Originally Posted by GRAND23 (Post 4849889)
All you have to do is, send mail to your company finance department regarding VPF contribution. From next month salary, you will see that your VPF amount deduction. The beauty is you got choice to increase and decrease your VPF contribution anytime. Additionally, you can check in EPFO portal for statement.

So after a bit of digging around and a HR ticket, I could start a monthly VPF contribution and it got deducted from last month salary. Should have done this earlier instead of looking for ever-elusive MF returns lol:

Quote:

Originally Posted by V.Narayan (Post 4854239)
Though some of the life insurance companies offer pension schemes that require investment of a fixed sum for 10 years a waiting period of a few years thereafter after which you can get an annuity income quarterly for as long as either you or your spouse is alive. Hope this helps.

I am interested to know the feedback on this scheme. Few of my known ones have invested lot of money in LIC pension scheme to get assured pension for life. It provide less Rate of interest but assured.

Any feedback or suggestions.

Quote:

Originally Posted by smooth (Post 4878771)
I am interested to know the feedback on this scheme. Few of my known ones have invested lot of money in LIC pension scheme to get assured pension for life. It provide less Rate of interest but assured.

Any feedback or suggestions.

I invested in 4 such schemes with HDFC Life one by one as my income grew. Three of the four have matured and now having run their lives of 15 or 17 years and have converted to life long annuities. I've opted for the annual payout as it gives a bit more than the monthly one. The 4th scheme is still running and will start paying out annuities in 2027. It has worked quite well for me. The annuities payout till either my spouse or I are alive. After both our deaths the principle sum will be paid to my nominees.

Thanks Narayan. I have started this with a small lot from LIC (Jeevan Shanti) with annual payout as immediate option and not the deferred one. I hope it works out well.

Quote:

Originally Posted by smooth (Post 4878911)
Thanks Narayan. I have started this with a small lot from LIC (Jeevan Shanti) with annual payout as immediate option and not the deferred one. I hope it works out well.

I read through the brochure at the following address (see below) but didn't understand how they arrived at the deferred annuity amount (1.76L per year) in the illustration in section 8 of the brochure:

https://www.licindia.in/getattachmen...chure.pdf.aspx

Any idea?

Not clear how to interpret the annuity rates in section 6 either. They are per Rs 1000 that part is clear. But are they per annum? Are they the annuity rates themselves, or the "increment" over annuity rates mentioned elsewhere?

Shouldn't there be a dependence on the duration too? And whether single or joint?

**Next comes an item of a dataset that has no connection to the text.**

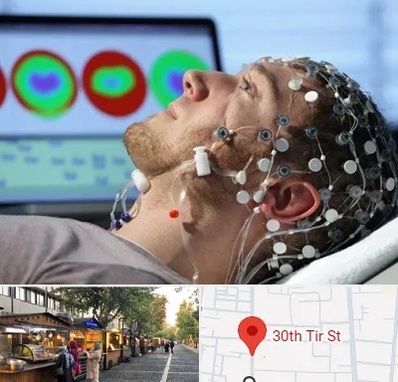 مرکز نوار مغز در سی تیر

Dont bother explaining if it's tedious, I can have a sales guy explain. Buy if it's some simple misunderstanding, pls do clarify if you can.

Quote:

Originally Posted by vharihar (Post 4878976)
I read through the brochure at the following address (see below) but didn't understand how they arrived at the deferred annuity amount (1.76L per year) in the illustration in section 8 of the brochure:

https://www.licindia.in/getattachmen...chure.pdf.aspx

Any idea?

.............

Dont bother explaining if it's tedious, I can have a sales guy explain. Buy if it's some simple misunderstanding, pls do clarify if you can.

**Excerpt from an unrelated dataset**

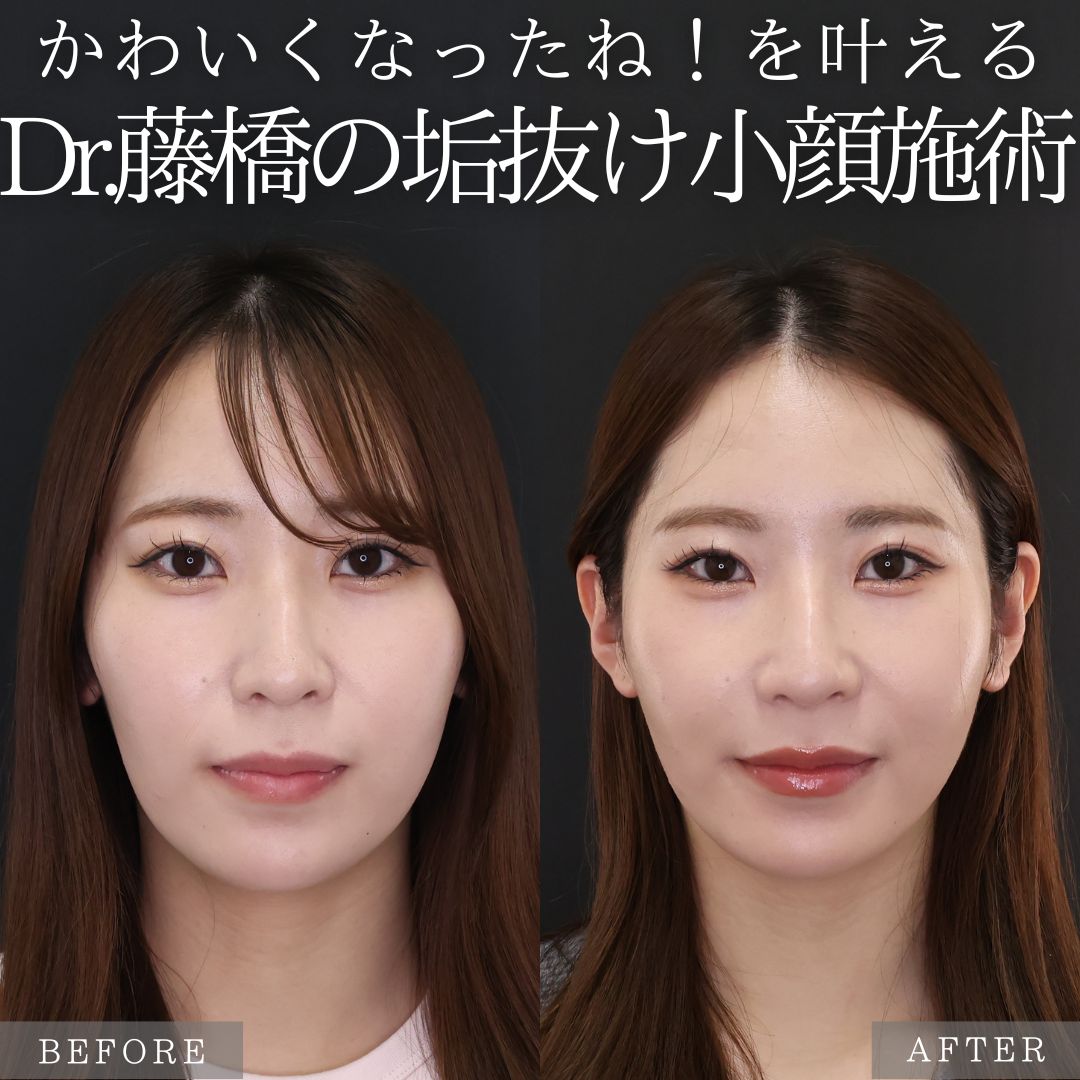 ジョールファット除去/ボトックス注射：その他/TAC式 ツヤ肌コラーゲンリフト®の症例写真 施術前後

The brochure is quite cumbersome to understand. There is simple calculator to understand this. Pls refer to this link --> https://www.insurance21.in/pension-c...hanti-850.html

BTW, this policy has been modified to have only deferred option.

Cheers

The choices are somewhat mind-boggling, esp when faced with constraints like keeping funds available for kids education, marriage, etc.

I have 7 more years before retirement. I have a MF SIP going on which I plan to continue till retirement. All things considered, I'm leaning towards not subscribing to any (neither deferred nor immediate) annuity now, but rather sign up for an immediate annuity plan later when I retire using my PF/NPS corpus; and also opt for a SWP on the MF corpus then.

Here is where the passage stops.